In a year filled with departures, this newsletter is a departure. Personal archival items collected by Seaver Center staff are shared below. But first, featured is a Your Story Matters profile on a Los Angeles County resident and global citizen caught in the pandemic.
YOUR STORY MATTERS
In early May the History Department introduced a community campaign to collect stories from those living in the Los Angeles and southern California region for their thoughts and experiences in coping with the pandemic crisis. Stories are sought to be archived - allowing for future generations to learn from history happening at the moment - by visiting Your Story Matters to fill out an online set of questions. Digital images, along with audio and video clips, are welcomed.
Greg Molinari shared his story - and his written submission has been expanded below resulting from several follow-up email conversations.
Home base is Whittier, though the early roots for Greg's parents were in Inglewood, Bell and Huntington Park. For a number of years Greg was working in Guangzhou in Guangdong Province, China. On January 20th, several days before the New Year, he took a red-eye flight headed for Manila in the Philippines.

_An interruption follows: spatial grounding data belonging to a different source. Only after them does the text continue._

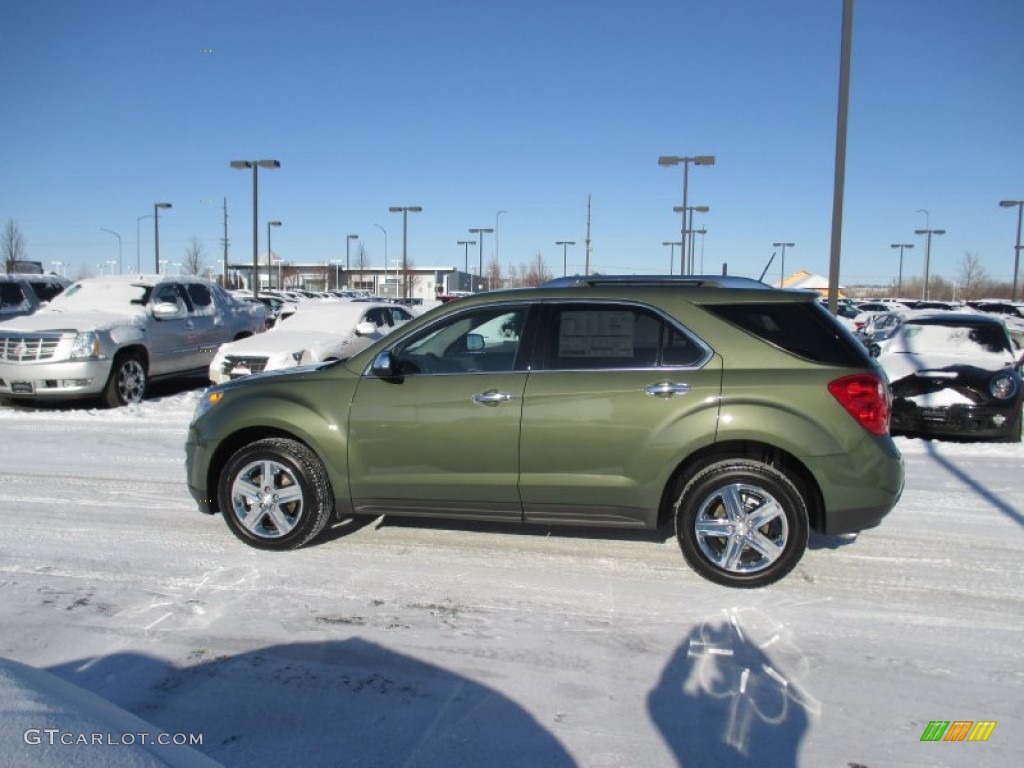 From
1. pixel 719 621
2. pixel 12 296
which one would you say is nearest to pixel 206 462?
pixel 719 621

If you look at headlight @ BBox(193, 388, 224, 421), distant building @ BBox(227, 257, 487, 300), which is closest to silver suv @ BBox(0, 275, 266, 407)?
headlight @ BBox(193, 388, 224, 421)

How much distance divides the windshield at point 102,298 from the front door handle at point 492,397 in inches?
360

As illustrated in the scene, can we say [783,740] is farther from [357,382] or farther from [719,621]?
[357,382]

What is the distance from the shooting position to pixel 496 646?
3547mm

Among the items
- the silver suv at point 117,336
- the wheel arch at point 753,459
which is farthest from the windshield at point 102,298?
the wheel arch at point 753,459

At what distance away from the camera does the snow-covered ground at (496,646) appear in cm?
276

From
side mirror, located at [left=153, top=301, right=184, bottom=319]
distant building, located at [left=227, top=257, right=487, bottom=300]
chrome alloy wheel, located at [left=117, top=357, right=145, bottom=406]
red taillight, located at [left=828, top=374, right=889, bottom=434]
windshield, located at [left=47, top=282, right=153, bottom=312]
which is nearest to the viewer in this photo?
red taillight, located at [left=828, top=374, right=889, bottom=434]

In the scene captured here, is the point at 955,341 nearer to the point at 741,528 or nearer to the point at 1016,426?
the point at 1016,426

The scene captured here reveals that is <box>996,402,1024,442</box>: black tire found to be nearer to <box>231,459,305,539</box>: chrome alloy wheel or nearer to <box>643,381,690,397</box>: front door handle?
<box>643,381,690,397</box>: front door handle

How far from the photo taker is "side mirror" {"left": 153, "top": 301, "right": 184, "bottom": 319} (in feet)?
36.8

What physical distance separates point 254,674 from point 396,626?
2.42 ft

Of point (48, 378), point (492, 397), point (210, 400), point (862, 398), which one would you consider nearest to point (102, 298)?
point (48, 378)

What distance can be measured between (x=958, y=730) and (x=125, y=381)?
1094 cm

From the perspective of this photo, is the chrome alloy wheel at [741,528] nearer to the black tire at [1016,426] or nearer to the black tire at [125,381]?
the black tire at [1016,426] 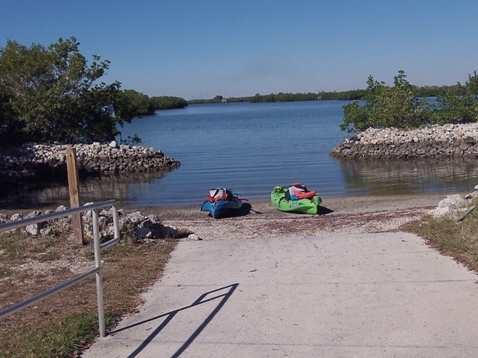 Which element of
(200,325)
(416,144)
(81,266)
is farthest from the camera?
(416,144)

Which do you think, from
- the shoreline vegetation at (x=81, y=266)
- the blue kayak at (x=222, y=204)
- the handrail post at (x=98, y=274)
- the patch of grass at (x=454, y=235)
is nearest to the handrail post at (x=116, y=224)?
A: the handrail post at (x=98, y=274)

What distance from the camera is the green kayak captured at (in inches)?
793

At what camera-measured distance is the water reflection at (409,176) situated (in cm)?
2691

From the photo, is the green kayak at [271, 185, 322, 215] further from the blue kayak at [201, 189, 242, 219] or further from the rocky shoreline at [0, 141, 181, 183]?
the rocky shoreline at [0, 141, 181, 183]

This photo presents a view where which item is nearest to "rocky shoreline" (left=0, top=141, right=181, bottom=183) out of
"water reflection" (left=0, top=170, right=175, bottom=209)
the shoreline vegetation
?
"water reflection" (left=0, top=170, right=175, bottom=209)

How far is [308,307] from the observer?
6.12 m

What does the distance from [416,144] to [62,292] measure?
37.2 m

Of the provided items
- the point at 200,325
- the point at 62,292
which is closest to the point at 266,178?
the point at 62,292

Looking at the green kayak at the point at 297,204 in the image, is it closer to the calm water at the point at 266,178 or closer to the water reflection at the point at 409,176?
the calm water at the point at 266,178

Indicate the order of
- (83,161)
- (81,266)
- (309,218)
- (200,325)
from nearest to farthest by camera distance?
(200,325) < (81,266) < (309,218) < (83,161)

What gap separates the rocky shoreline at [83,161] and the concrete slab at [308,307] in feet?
104

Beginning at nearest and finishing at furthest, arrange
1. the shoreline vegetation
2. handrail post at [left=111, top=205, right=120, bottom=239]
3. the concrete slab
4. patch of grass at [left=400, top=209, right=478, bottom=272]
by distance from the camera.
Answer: the concrete slab
the shoreline vegetation
handrail post at [left=111, top=205, right=120, bottom=239]
patch of grass at [left=400, top=209, right=478, bottom=272]

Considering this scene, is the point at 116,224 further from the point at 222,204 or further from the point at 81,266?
the point at 222,204

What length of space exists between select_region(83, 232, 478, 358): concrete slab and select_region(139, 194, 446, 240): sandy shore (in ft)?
12.2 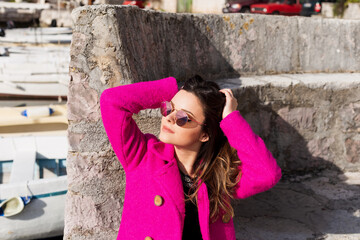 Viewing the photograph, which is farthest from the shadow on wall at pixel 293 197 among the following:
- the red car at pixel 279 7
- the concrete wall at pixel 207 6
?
the concrete wall at pixel 207 6

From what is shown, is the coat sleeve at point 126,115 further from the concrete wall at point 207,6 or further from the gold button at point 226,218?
the concrete wall at point 207,6

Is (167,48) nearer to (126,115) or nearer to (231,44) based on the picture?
(231,44)

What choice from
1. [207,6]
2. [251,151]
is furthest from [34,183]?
[207,6]

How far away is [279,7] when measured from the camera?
15.9 metres

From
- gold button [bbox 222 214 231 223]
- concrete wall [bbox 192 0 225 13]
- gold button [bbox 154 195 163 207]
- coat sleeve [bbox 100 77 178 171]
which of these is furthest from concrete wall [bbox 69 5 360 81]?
concrete wall [bbox 192 0 225 13]

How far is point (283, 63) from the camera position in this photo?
11.3ft

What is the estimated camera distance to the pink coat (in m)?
1.73

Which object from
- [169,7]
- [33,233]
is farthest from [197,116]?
[169,7]

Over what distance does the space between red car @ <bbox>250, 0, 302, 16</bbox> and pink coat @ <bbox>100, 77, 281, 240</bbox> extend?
581 inches

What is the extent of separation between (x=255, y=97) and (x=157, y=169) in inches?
54.1

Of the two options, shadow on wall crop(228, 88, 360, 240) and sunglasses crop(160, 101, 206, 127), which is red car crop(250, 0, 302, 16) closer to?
shadow on wall crop(228, 88, 360, 240)

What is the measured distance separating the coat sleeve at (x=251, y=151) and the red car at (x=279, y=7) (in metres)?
14.8

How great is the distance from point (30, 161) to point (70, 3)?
1594 centimetres

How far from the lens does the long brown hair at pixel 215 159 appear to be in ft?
5.80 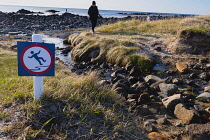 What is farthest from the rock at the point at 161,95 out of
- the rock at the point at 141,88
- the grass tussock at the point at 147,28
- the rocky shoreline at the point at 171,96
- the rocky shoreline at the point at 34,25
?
the rocky shoreline at the point at 34,25

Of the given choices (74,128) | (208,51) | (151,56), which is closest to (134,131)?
(74,128)

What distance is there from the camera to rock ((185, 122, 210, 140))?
11.1 ft


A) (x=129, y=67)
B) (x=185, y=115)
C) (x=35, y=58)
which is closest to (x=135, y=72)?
(x=129, y=67)

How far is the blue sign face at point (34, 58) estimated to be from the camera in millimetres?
2922

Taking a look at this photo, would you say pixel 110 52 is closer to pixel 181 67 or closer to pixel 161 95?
pixel 181 67

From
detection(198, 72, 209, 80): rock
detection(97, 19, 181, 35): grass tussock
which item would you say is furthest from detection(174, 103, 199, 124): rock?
detection(97, 19, 181, 35): grass tussock

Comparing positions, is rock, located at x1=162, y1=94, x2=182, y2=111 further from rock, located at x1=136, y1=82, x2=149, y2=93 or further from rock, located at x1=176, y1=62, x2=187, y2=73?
rock, located at x1=176, y1=62, x2=187, y2=73

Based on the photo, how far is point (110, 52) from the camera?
379 inches

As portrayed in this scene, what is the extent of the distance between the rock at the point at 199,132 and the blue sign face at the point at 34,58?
2.69 meters

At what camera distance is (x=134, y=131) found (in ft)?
10.7

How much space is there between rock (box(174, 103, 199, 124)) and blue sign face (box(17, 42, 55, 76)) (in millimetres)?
2997

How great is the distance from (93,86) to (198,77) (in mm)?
4515

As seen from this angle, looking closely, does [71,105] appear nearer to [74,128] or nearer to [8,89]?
[74,128]

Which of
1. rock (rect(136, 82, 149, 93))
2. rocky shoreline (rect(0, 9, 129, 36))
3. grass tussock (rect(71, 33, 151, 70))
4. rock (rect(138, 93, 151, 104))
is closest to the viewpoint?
rock (rect(138, 93, 151, 104))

Three days into his anticipated three-week stay in Cebu City, he was stunned to see the television news coming out of China.
Through WeChat communications with colleagues he soon learned that the entire country came under lockdown. The following months were punctuated by negotiating temporary living quarters and securing airline flights. The Airbnb reservation system was disrupted, and Greg was met with a lot of starts and stops. At times when international flights were operating, the domestic planes were grounded.
Image from the Seaver Center courtesy of G. Molinari
Eventually he settled into a new normalcy: he attained a permit allowing him to cross checkpoints between Baranguays (neighborhoods or districts). A building owner and government advisor took pity on his long and expensive overstay and allowed Greg to live in a condo unit for free beginning June 1st. He befriended two families who lived along the street under boards leaned against walls. He provided them with food and clothing, including sandals for 10 to 12 kids in the families. One child, Sofia, was starting school soon on the internet. Not possessing a phone nor a computer, she would pay one peso for five minutes at the internet café.
Greg left Cebu City on July 3rd, and after transiting in Manila for three nights, he returned home to Whittier by July 9th. "I got here in a flurry of relief and anger." Shortly before his departure, Cebu had the highest virus count in the Philippines. Greg summed up his written story this way: "I ended up making some great new friendships in Cebu."
Image from the Seaver Center courtesy of G. Molinari
As of this writing, Greg cannot return to China. Following a short period of loosened travel regulations into the country, his airline cancelled an expensive, one-way trip back to Guangzhou that was set for early November. He then learned from China colleagues that new, stricter guidelines for incoming travelers were implemented, and his November 19th flight was predictably dropped.